Pasta with Spinach Pesto Sauce

INGREDIENTS

* 1 tablespoon minced garlic
* 16 ounces fresh spinach, washed & chopped
* 6 ounces low-fat, firm silken tofu
* 2 tablespoons fresh lemon juice
* 1/8 cup low-sodium chicken broth
* 1/2 cup grated Parmesan cheese
* 1/2 teaspoon ground black pepper
* 1/2 cup diced red onion
* 1 teaspoon Italian seasoning
* 10 ounces fresh mushrooms, thinly sliced
* 6 ounces fresh sliced shiitake mushrooms
* 1/4 cup bacon bits
* 1 pound penne pasta


DIRECTIONS

* Cook the pasta according to package directions.
* While pasta is cooking, in food processor or blender, combine spinach, tofu, lemon juice, garlic, broth, cheese, pepper, and Italian seasoning, process until smooth.

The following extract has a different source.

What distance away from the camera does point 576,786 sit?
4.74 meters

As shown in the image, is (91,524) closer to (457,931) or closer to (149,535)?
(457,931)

Set aside.
* Spray a large non-stick saute pan with cooking spray. Over medium heat, cook onions and mushrooms until tender. Reduce heat to low, add pesto mixture and heat until hot.
* Toss pasta with sauce &bacon bits. Serve with additional Parmesan cheese, if desired. Note that if sauce seems very thick, thin to desired consistency with pasta cooking water or broth.